Automated Data LabellingStarted in December 2020
There is a lot of data going around within large organisations, much of which is unstructured, think of emails, documents and multimedia. Properly labelling and classifying all this information is a daunting task, as it involves a high degree of manual effort.
This in practice means that data can be left unclassified, making it difficult to properly manage and protect it. Security policies include measures to protect data, but these measures are typically applied based on the classification of the data.
In order to properly protect unstructured data, it must therefore be classified. The classification can be automated based on its so-called 'data labels' that describe the characteristics and the kind of information the data contains. However, the 'labelling' of unstructured data is a very complex and time-consuming task on itself, making it near-impossible to properly label, and ultimately classify, the large amounts of unstructured data.
This project aims to find or develop a methodology to automatically label unstructured data with a high-level of detail and precision.
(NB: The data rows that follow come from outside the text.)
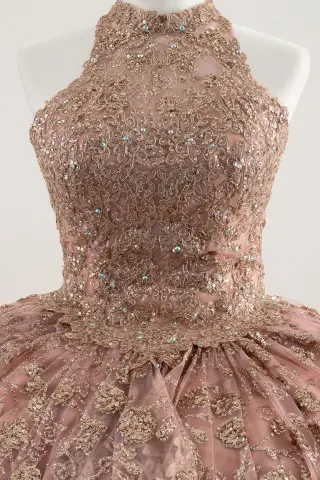 Blush pink sleeveless quinceañera dress with lace appliqués and a voluminous ball gown skirt -1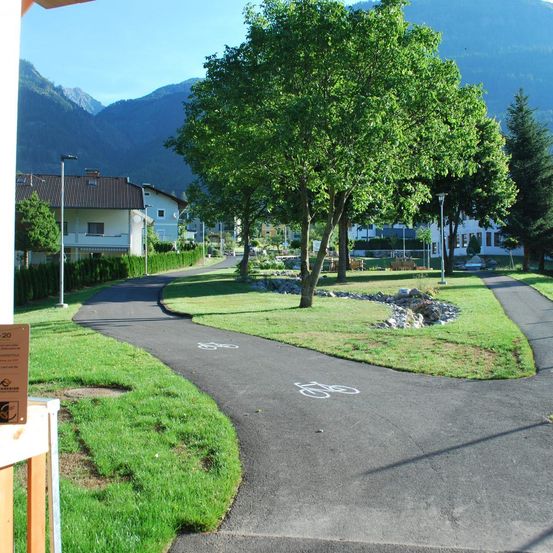 Ein gepflasterter Weg schlängelt sich durch einen Park mit üppigem Gras und Bäumen und führt zu einem Gebäude unter einer Bergkulisse. Fahrradsymbole markieren den Weg.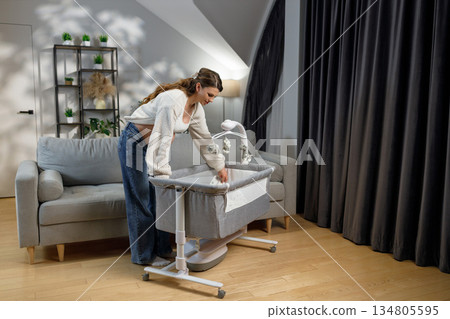 Pregnant woman arranging bedding in a bedside bassinet next to sofa in living room with plants and curtains Pregnant woman arranging bedding in a bedside bassinet next to sofa in living room with plants and curtains 134805595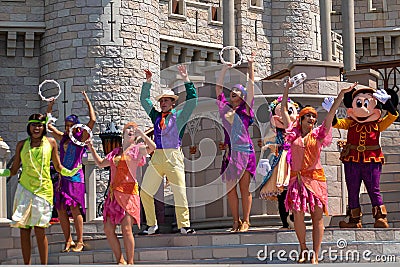 Mickey and Minnie dancing with The princess and the frog characters in Magic Kingdom 4 Editorial Stock Photo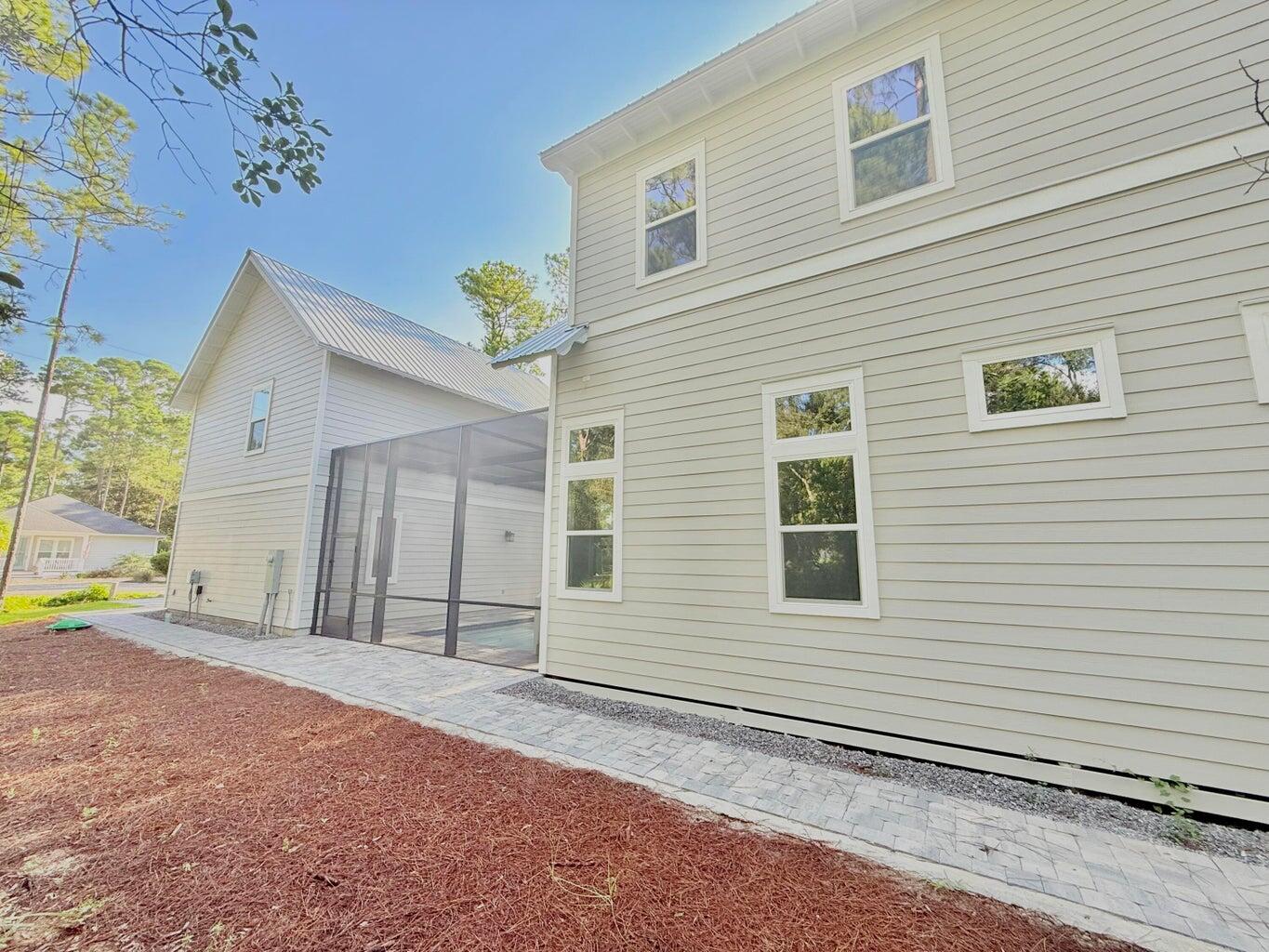 116 East Georgie Street Point Washington, FL 32459 - Photo 43 of 46 a view of a house with a backyard and a garage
The goal is thereby to come up with a flexible and scalable approach, to allow for the addition of new, or alteration of existing labels over time. (Semi)-supervised learning has shown great promise in complex textual processing and classification tasks and will be examined for its suitability in labelling the unstructured data sources.
Activities in Explore phase
Assumptions underlying this project include that this methodology is not yet on the market, that it reduces subjectivity, mistakes and workload, increases coverage of labeled documents, as well as improves discoverability and ultimately compliance. The project team held a variety meetings, talked to vendors, privacy and compliancy officers, and performed a desk research to validate these assumptions.
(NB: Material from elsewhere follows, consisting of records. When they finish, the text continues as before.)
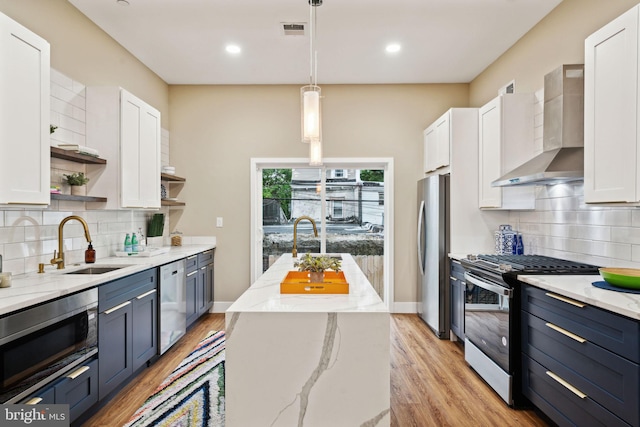 kitchen with appliances with stainless steel finishes, white cabinetry, hanging light fixtures, and wall chimney exhaust hood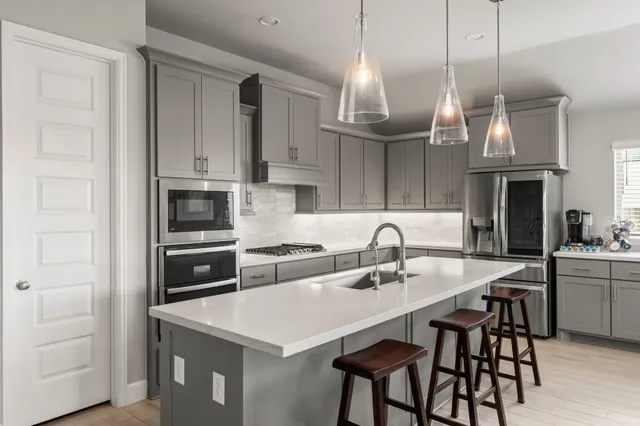 a kitchen with stainless steel appliances a stove a sink a microwave a refrigerator and cabinets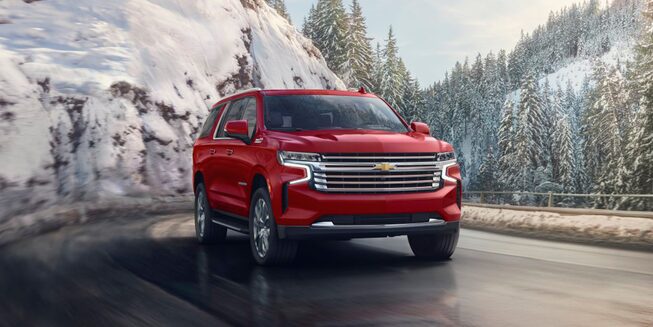 Una Chevy Suburban 2023 en Rojo Radiante Tintcoat circulando por un camino de montaña cubierto de hielo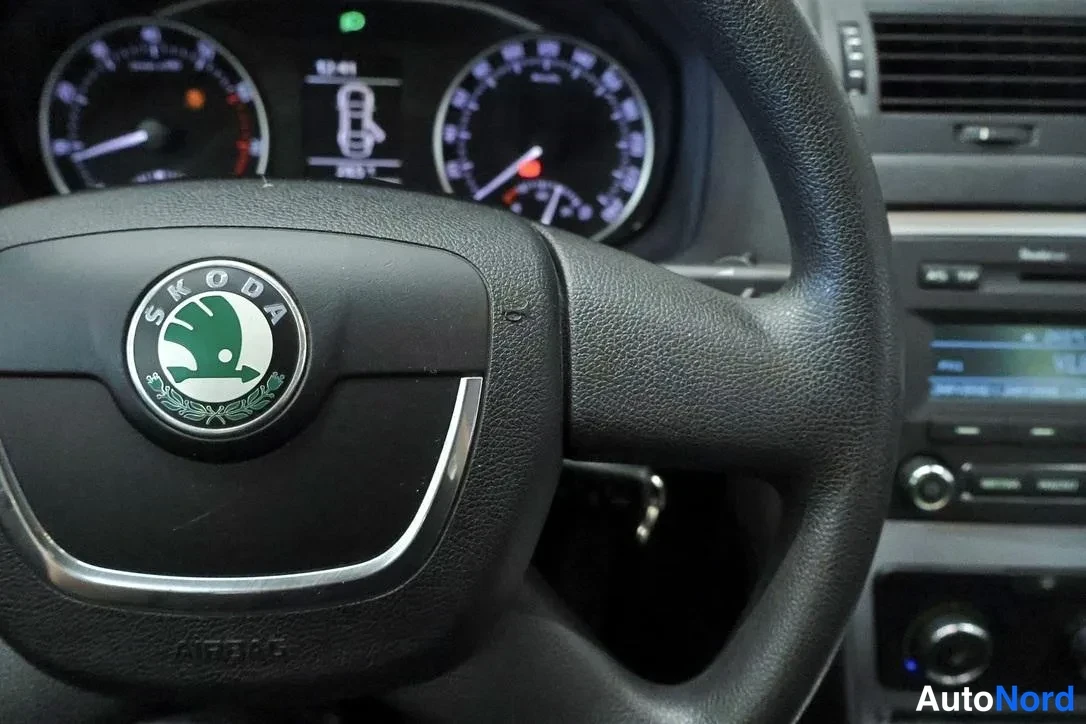 Muu: Lähikuva Skoda-ohjauspyörästä AIRBAG-merkinnällä; mittaristo ja osa radiopaneelista taustalla.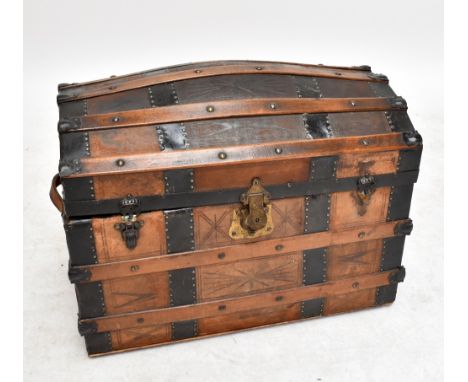 A twin handled studded and slatted leather travelling trunk with domed hinged lid, width 78cm.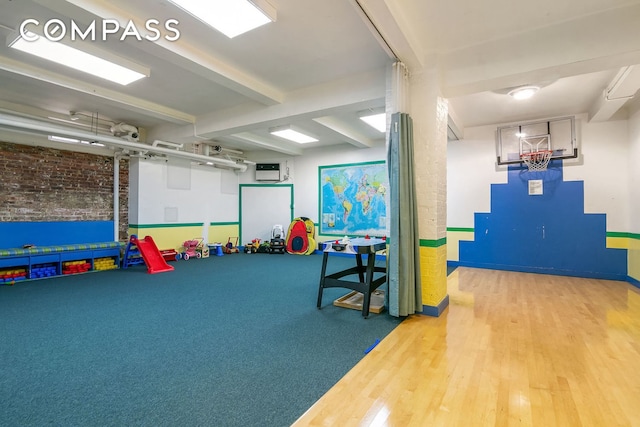 250 W 94th St Unit 11A, New York City, NY 10025 - playroom with wood finished floors, beamed ceiling, brick wall, and baseboards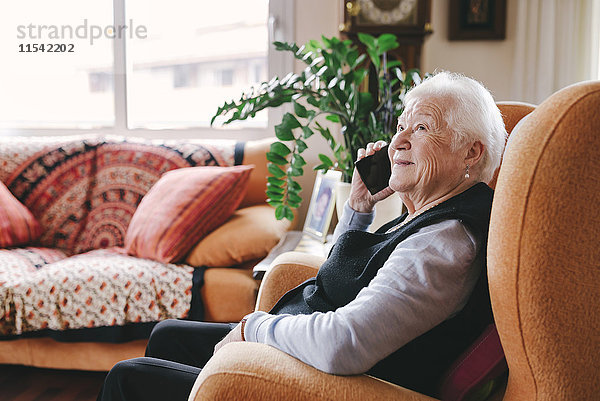 Lächelnde Seniorin beim Telefonieren mit dem Smartphone zu Hause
Conclusion at the end of the Explore phase
There are solutions available on the market, but none of these seemed to fully fulfil the needs set out in this project. The primary gaps lie in the level of accuracy, detail and flexibility that these tools have to offer; many provide standard solutions that may or may not satisfy the actual needs. There is a clear incentive to explore what more advanced techniques can bring to the table.
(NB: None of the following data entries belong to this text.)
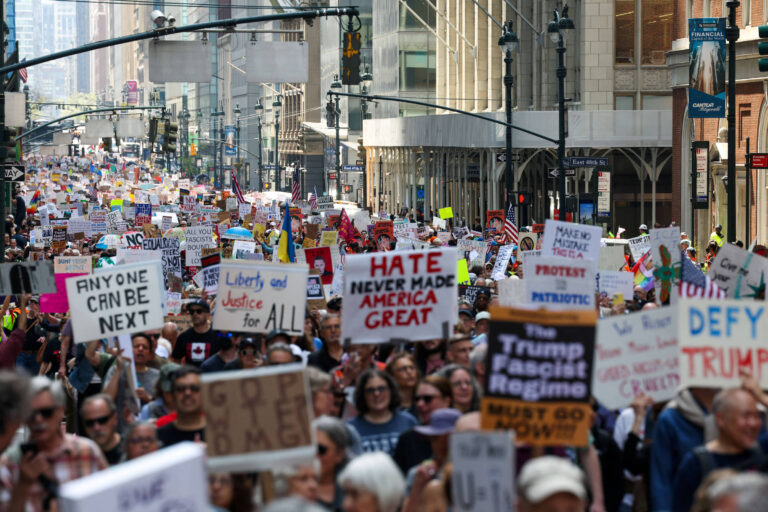 A imagem mostra uma grande multidão participando de um protesto em uma rua urbana. As pessoas seguram diversos cartazes com mensagens de protesto, como
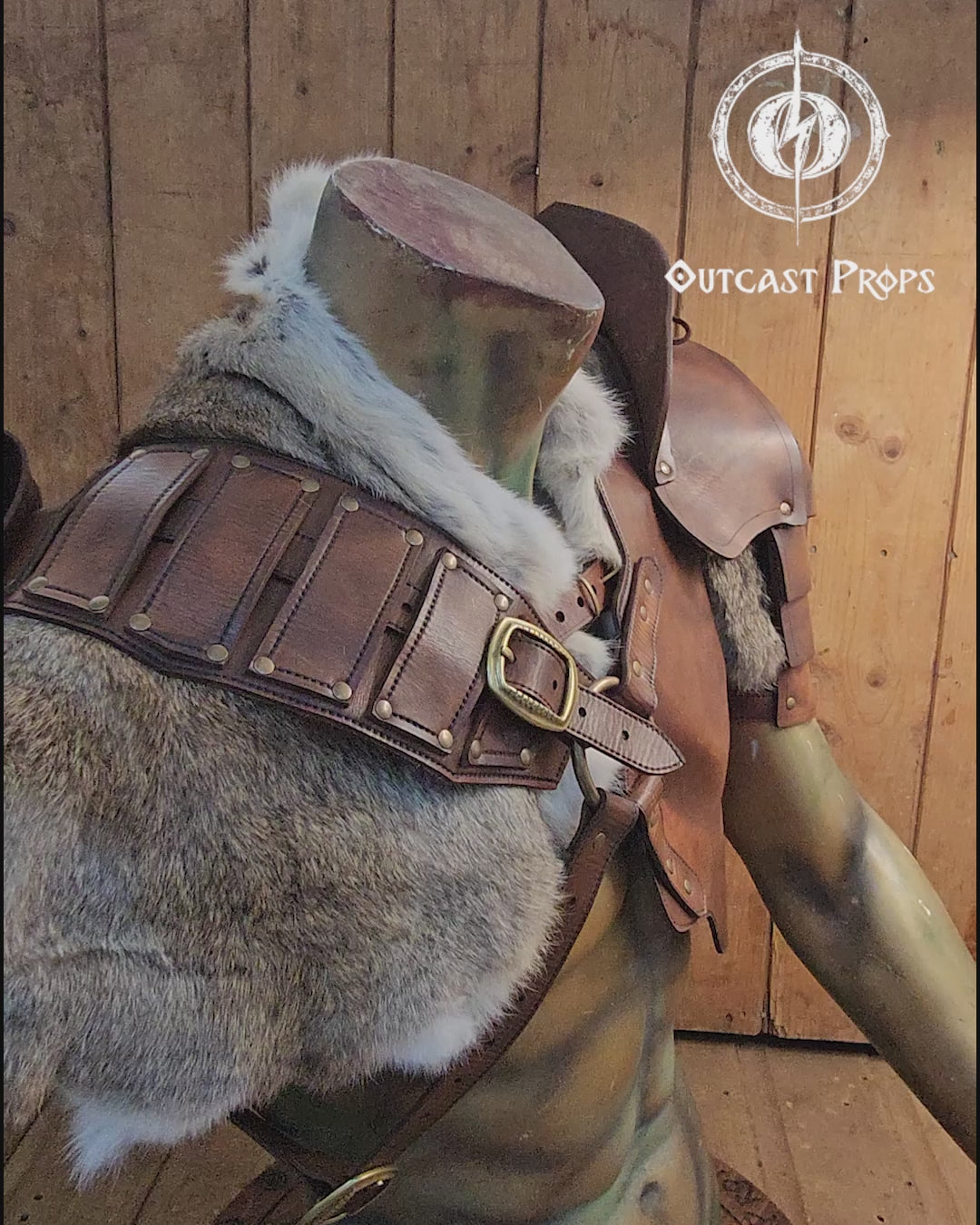 Leather barbarian armor set displayed on a muscular torso mannequin, featuring shoulder pauldrons, a chest harness, and thick grey rabbit fur mantle. Made from vegetable-tanned leather in aged brown tone, with weathered straps and metal buckles. Ideal for LARP, Viking cosplay or post-apocalyptic costumes. The fur and armor layers create a battle-worn barbarian look, full of texture and realism.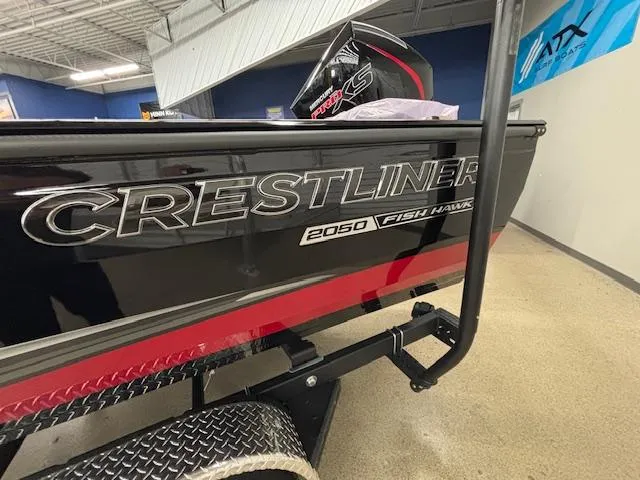 Slide: The Image of 2025 Crestliner 2050 Fish Hawk boat in showroom, side view with logo. - 2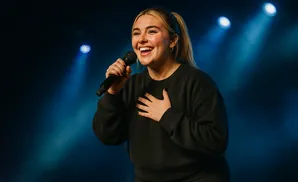 A woman with blonde hair in a ponytail sings into a microphone, holding her other hand to her chest.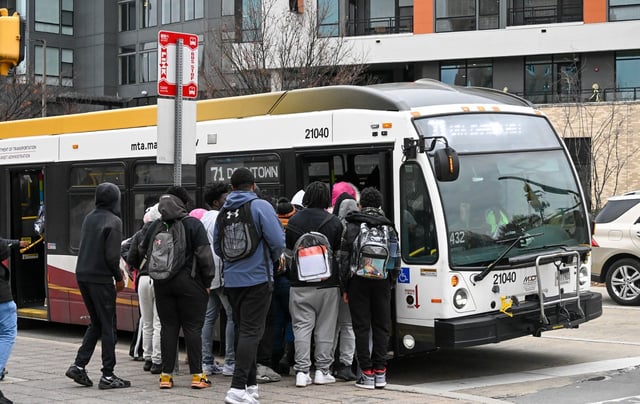 Digital Harbor High School students travel on a public bus along Key Highway, heading toward Cherry Hill. (Kevin Richardson/Staff)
Activities in Proof of Concept phase
The goal of the Proof of Concept (PoC) phase was to implement and test a variety of methods that can be used to automate the data labelling process. These methods ranged from often-used wordcount-based methods up to advanced neural networks that can take contextual information into account as well. The advanced methods showed benefits in more complex tasks (e.g. specific word or sentence classifications, especially context dependent), whereas for more basic label assignments (e.g. document classification) there was no notable difference.
The second activity in the PoC-phase was the continuation of the market exploration. The extended exploration further strengthened the view that a range of solutions are available but also that these come with their limitations. Further examination of the solutions and actual business needs is a logical next step to identify the true gaps for practical implementation and to more specifically determine what business value the more advanced labelling methods can bring.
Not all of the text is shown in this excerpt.